You’ll have to excuse me, dear reader, but a series of first-world problems have me tempted to tear my hair out:

* My crappy smartphone of about two years now has a regular battery life of about 15 minutes because I haven’t bothered to go on Amazon for replacement battery.

* My inability to acquire gainful employment has left me lacking in both money and healthcare, so after the coming national deadline on Feb. 15, I’ll have to use a noticeable chunk of the former to cover my lack of the latter.

* Apparently I’ve done something – I have no idea what – to piss off enough friends that a noticeable number of them have dropped me on social media.

* My favorite person in the entire world is someone I haven’t seen in person in over two weeks (and I’m not 100% sure when I’ll see her again).

* I was offered a chance to direct something cool, but I haven’t officially committed yet. In fact, I look at my schedule and wonder if I’ll have time to do it at all.

* I tend to spend hours at a time standing in place, but having nothing to eat and then wondering why I’m so goddamn cranky.

* I had my first two auditions of 2015 and I’m thoroughly convinced that I was shit both times.

* I planned to be much farther ahead in my writing and have barely done a fraction of the pages I’d assigned myself. I’m still pretty much ahead with the stuff I write for my part-time job, but not as far ahead as I usually am.

* I had a really cool idea for this week’s column, but felt like such a goddamn loser that I decided to put it off for a later time. Whether it will still be as timely two weeks from now remains to be seen.

* I’ve been trying for two weeks to have dinner with good friends, but it keeps getting pushed back and I’m worried that I may have caused some undo tension between them and another friend.

* I have officially entered my mid-30s with more gray hair appearing every day, but I have nothing to show for living so long, in regards to the bar I set for myself when I was nine-years-old.

Like I said: first-world shit. I don’t know anyone who’s been kidnapped by Boko Haram, nor to my knowledge do have any close relatives or friends who have gotten sick out of contact with idiot anti-vaxxers. No, my concern is that I’m currently slapping myself on the forehead because I’m sure that each and every thing I’m doing is wrong.

That’s the kind of person I am: I blame myself for everything wrong in the world because it’s the only person I can blame without any backlash. It’s my fault the West Coast is suffering a drought whilst the East Coast is buried in snow and wind. You didn’t know that, did you? Don’t ask me how it happened, because if I knew how I’d go full-blown Ororo Munroe on a few choice people. I take in all the blame for everything then unleash it through my art. Since I haven’t had a regular artistic outlet of late – combined with a slight envy of watching everyone else fulfill theirs – I’m just carrying it around like a camel’s hump; enough stress to sustain me for days and weeks on end.

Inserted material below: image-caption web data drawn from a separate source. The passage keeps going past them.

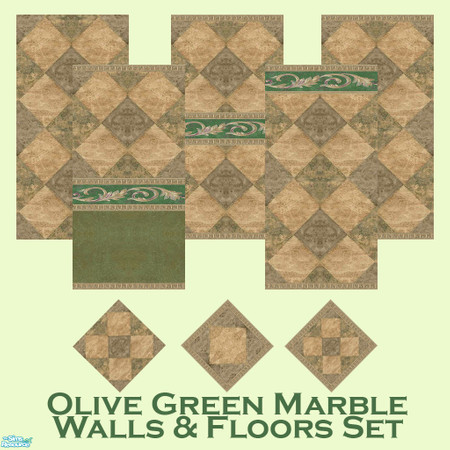 Sims 2 — Olive Green Marble Walls & Floors Set by Sheera — This set includes 8 items : 5 walls and their 3 matching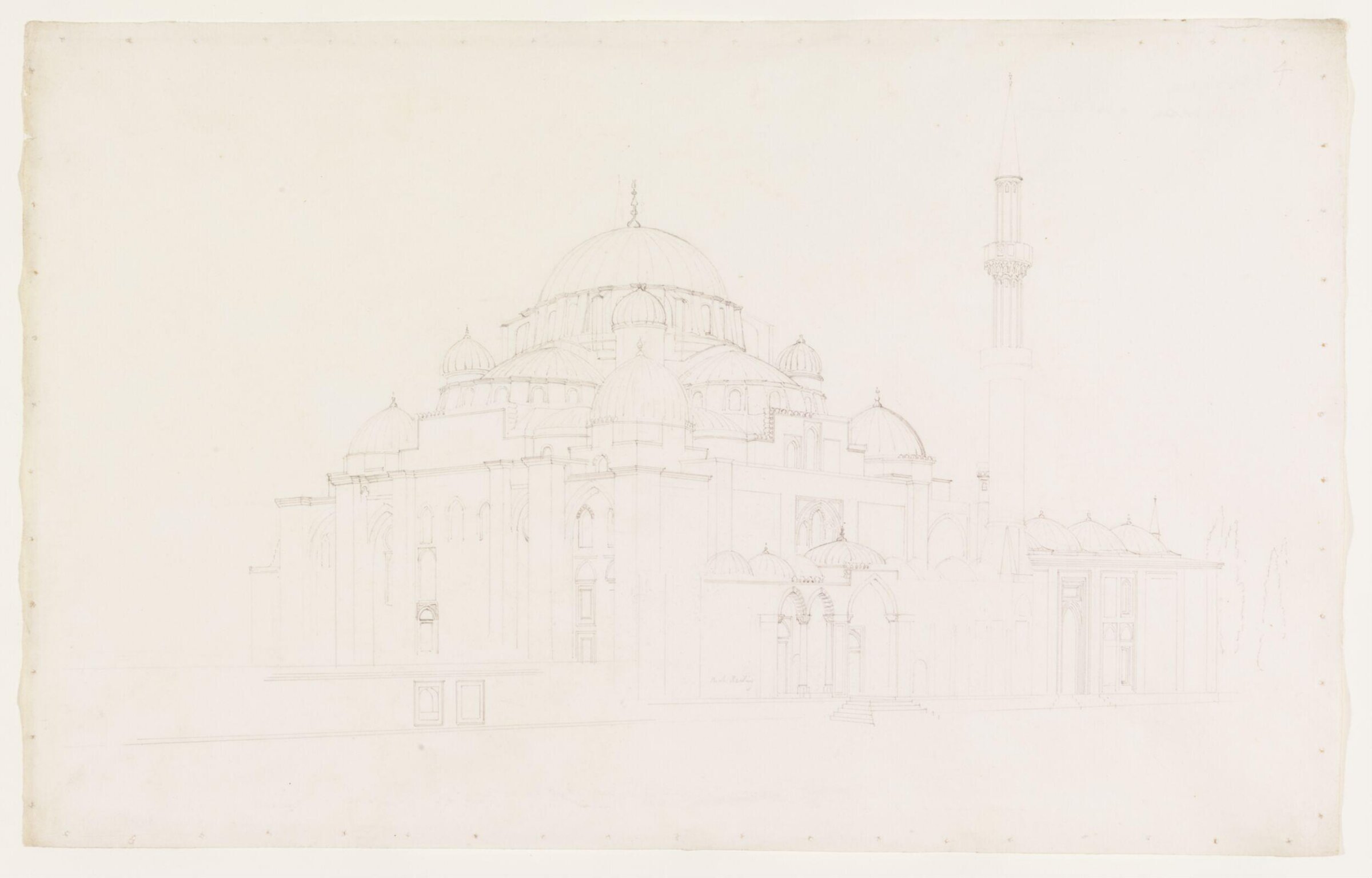 Sehzade Camii, Constantinople, Lewis Vulliamy, ca. 1818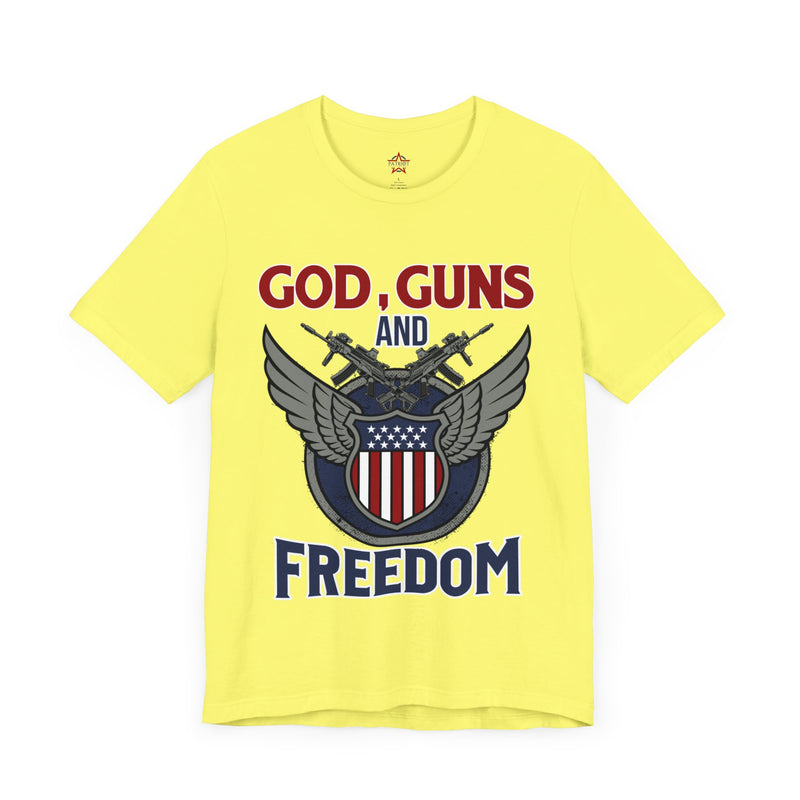 God, Guns and Freedom Unisex Jersey Short Sleeve Tee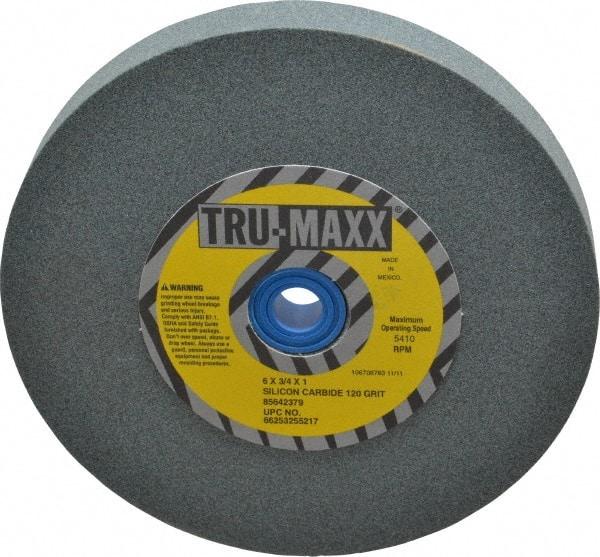 Tru-Maxx - 120 Grit Silicon Carbide Bench & Pedestal Grinding Wheel - 6" Diam x 1" Hole x 3/4" Thick, 5410 Max RPM, K Hardness, Fine Grade , Vitrified Bond - Eagle Tool & Supply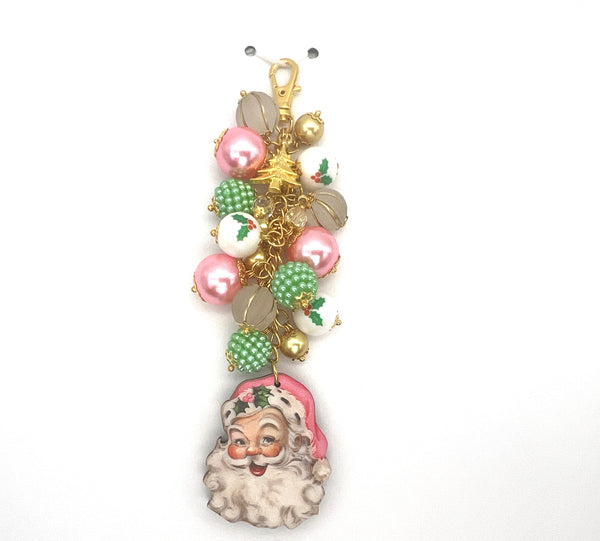 Christmas Pink Santa Charm Clip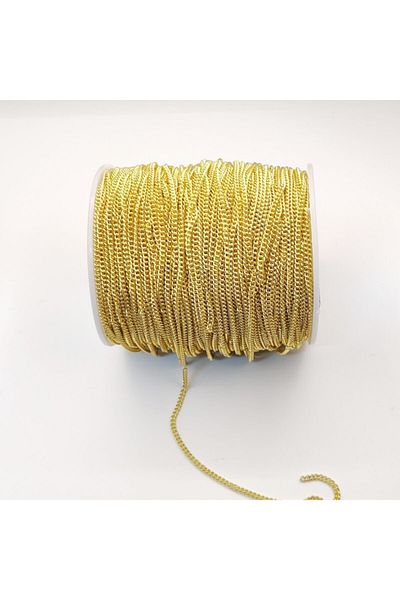 yiğit aksesuar Gold Necklace Bracelet Chain Link Chain 0.6 Mm 5 Meters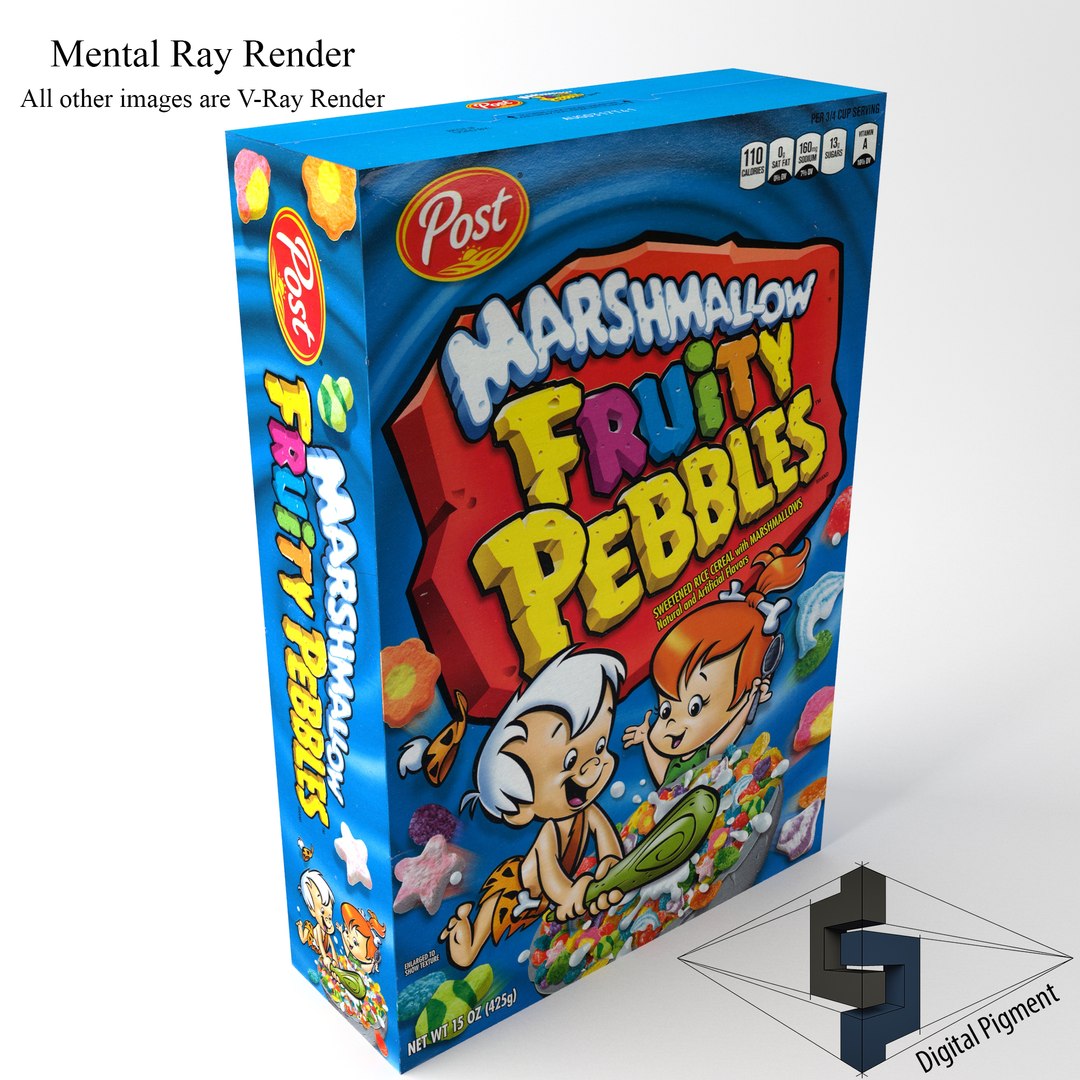 Fruity Pebbles Marshmallow Cereal Box 3d Model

As Marissa noted last week, the theme of this month’s ‘Pub writings is passion and desire. As I’ve idiotically stressed myself out the past few days, it becomes apparent to me that it must be some kind of reaction to the fact that I currently can’t engage in the things for which I have the most passion. The logical part of my brain tells me that this too shall pass, but my Id misses the stage like the deserts miss the rain. Yes, I just wrote that. I wrote it and you read it. We both have to live with that.

So as I wait for that metaphorical rain (and the literal ones California so desperately needs), I comfort myself with the fact that there are enough things in my life going right that, were I not so myopically focused on the bad stuff, I’d be over the moon: a film I was in is got great feedback at Sundance and a distribution deal with a major studio; this past Tuesday I recorded pick-ups for a voiceover job that I’m hoping will lead to many more; although I’m not acting, I’m taking an active behind-the-scenes role for several different theatre companies; I did get that directing offer unsolicited; I do have my favorite person in the world; I have my health; I have my every-graying hair; I have my life; I have a series of opportunities that lie ahead of me. I have. That’s what I always remember: I have. It’s like that scene from The Sopranos where Tony is venting about the world to his one-legged Russian mistress. He complains about his families, both literal and crime-related, and worries he might be depressed. Said mistress – who, again, has only one leg and escaped a particularly dangerous part of Russia – rolls her eyes, lights a cigarette and tells him to stop whining.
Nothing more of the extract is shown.